尻が勝手に滑り出し、右手がメリハリの利いた爆音を奏で始める。思い通りのラインでコーナーを抜けた時、エクスタシーをも感じそうだ。
アウトインアウト、アウトインアウト、2つ先のカーブを絶えず意識し、ブラインドとクリアーなコーナーを走り分けて行く。
ツイスティーな道路をリズミカルに走っていると、『まずい、まずいなぁ〜』と、思いながらついついスピードが上がってしまう。私の病気らしい。
コーナーの出口でアクセルを開ける。
次の直線路でフロントフォークが伸び、前輪が浮くほど加速させ、後ろへすっ飛んで行く景色の中で、ライン取りと安全確認を瞬時に済ます。
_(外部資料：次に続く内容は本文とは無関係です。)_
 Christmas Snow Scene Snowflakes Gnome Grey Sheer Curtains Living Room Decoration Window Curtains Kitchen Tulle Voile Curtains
飛び込むコーナーに合わせて右手を握り込んでブレーキングし、手前で減速、同時にシフトダウン。前輪の加重が増え、つんのめるようにフロントが沈むのをリアブレーキを使って押さえる。タンクをグリップしている膝とステップの踵に力を入れ、乗車姿勢の乱れを止める。イン側のステップに力を入れ、尻を落とす。そのきっかけで旋回し始めたマシンを、外足加重で安定させながら、スロットルはパシャル、クリッピングポイントの通過を待つ。世界全部がバランスで出来ていることを知る瞬間である。出口に的を絞って、再びアクセルを開ける。目線はあくまでも見えている一番遠く。
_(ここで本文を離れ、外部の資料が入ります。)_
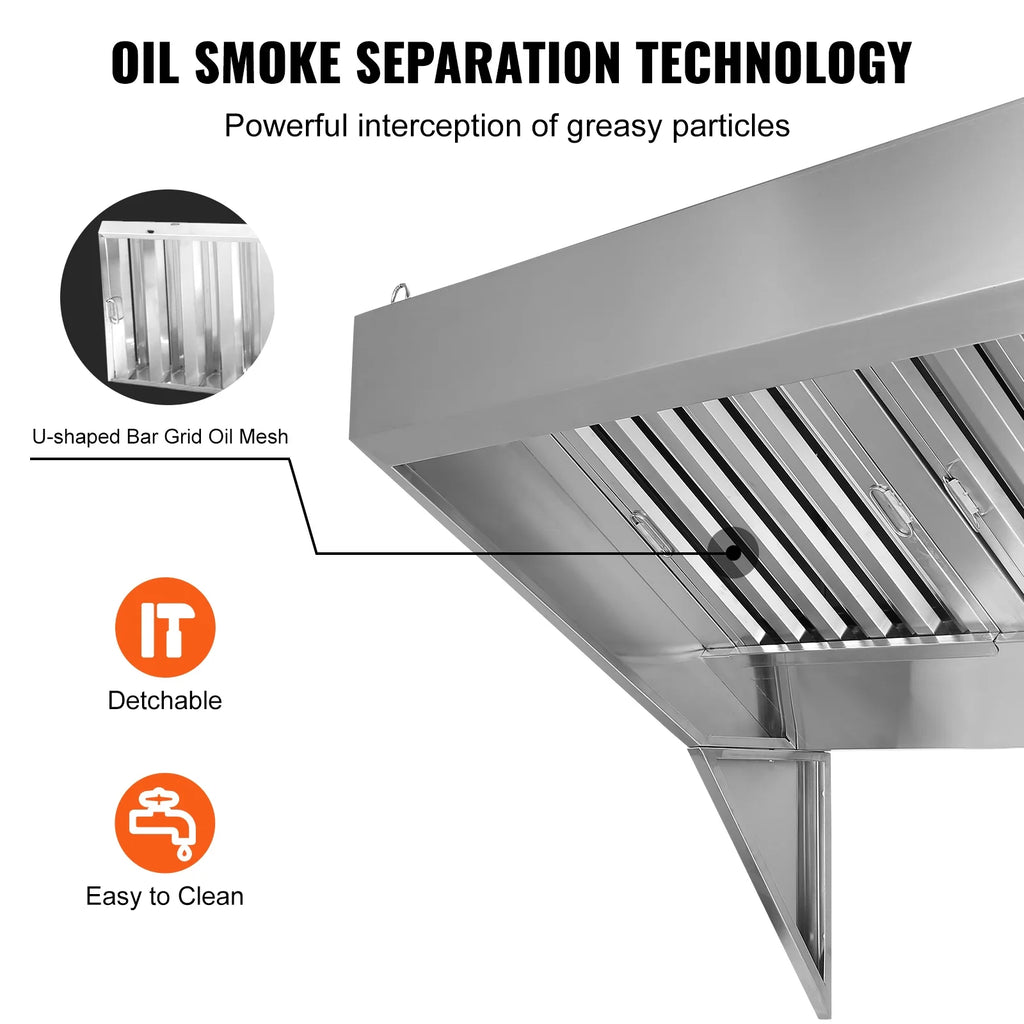 Commercial Exhaust Hood 5ft 201 Stainless Steel L454311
マシンの震動と、タイヤのアスファルトを蹴る感じを確かめながら、グリップの限界を探る。パワースライドを起こして大地に逃げる駆動力をアクセルワークで制御し、ハンドルでラインを修正する。膝のバンクセンサーが、路面を滑る。
マシンが俺の体の延長になる。
こんなことをしていたら、いつか死ぬな。一回きりの話しだけど……人は何時か死ぬ、気分よく飛び越したいものだ。
俺の遊びは続く。
飯は港町の、土地の漁師が出入りするような小汚い飯屋がいい。
魚と、お新香と、みそ汁と、垂らした醤油が泡になって弾け、焦げている焼いた帆立貝の匂いがいい。ぶっちょうづらの太ったおばさんなんかが、無愛想に出してくれたら、なおいい。東京都心の気取った店で、都会ヅラした田舎の坊やの浮っついたお愛想で持ってくる、オーストラリアの牛肉のステーキや、イタリアでは決してお目にかかれないイタメシより、ずっといい。
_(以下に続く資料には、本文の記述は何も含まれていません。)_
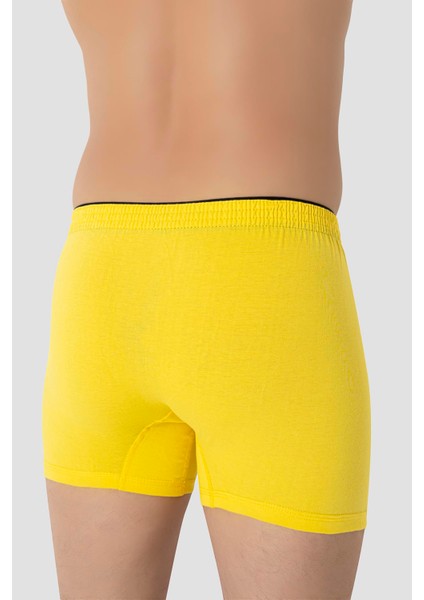 Erkek Sarı Düğmeli Boxer 3'lü Paket %100 Pamuklu Penye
旨いものは旨い。体裁や雰囲気に惑わされない、味覚でいたい。
良いものを、素直に良いと思える、感覚でいたい。
ベタベタと飾らない、素の味が少なくなった。本物になり得る素材と巡り会った時、人の感受性や創造力は刺激され、新たな活動を始める。より大きな感動に広がっていく。
意識は正確な知識によって、より強力なエネルギーを持つ。
データとしての知識は何も生むことが出来ず、一人よがりな意識は、不毛の地で迷い自分自身を葬る。膨大な資料の海でデータのセレクトとインプットのみに終始し、他のことに手の回らなくなってしまったマス教育としての制度は、知識は与えても、個性という名のもとに、個人に意識の開発を押しつけてしまった。そのことを意識している個人は少ない。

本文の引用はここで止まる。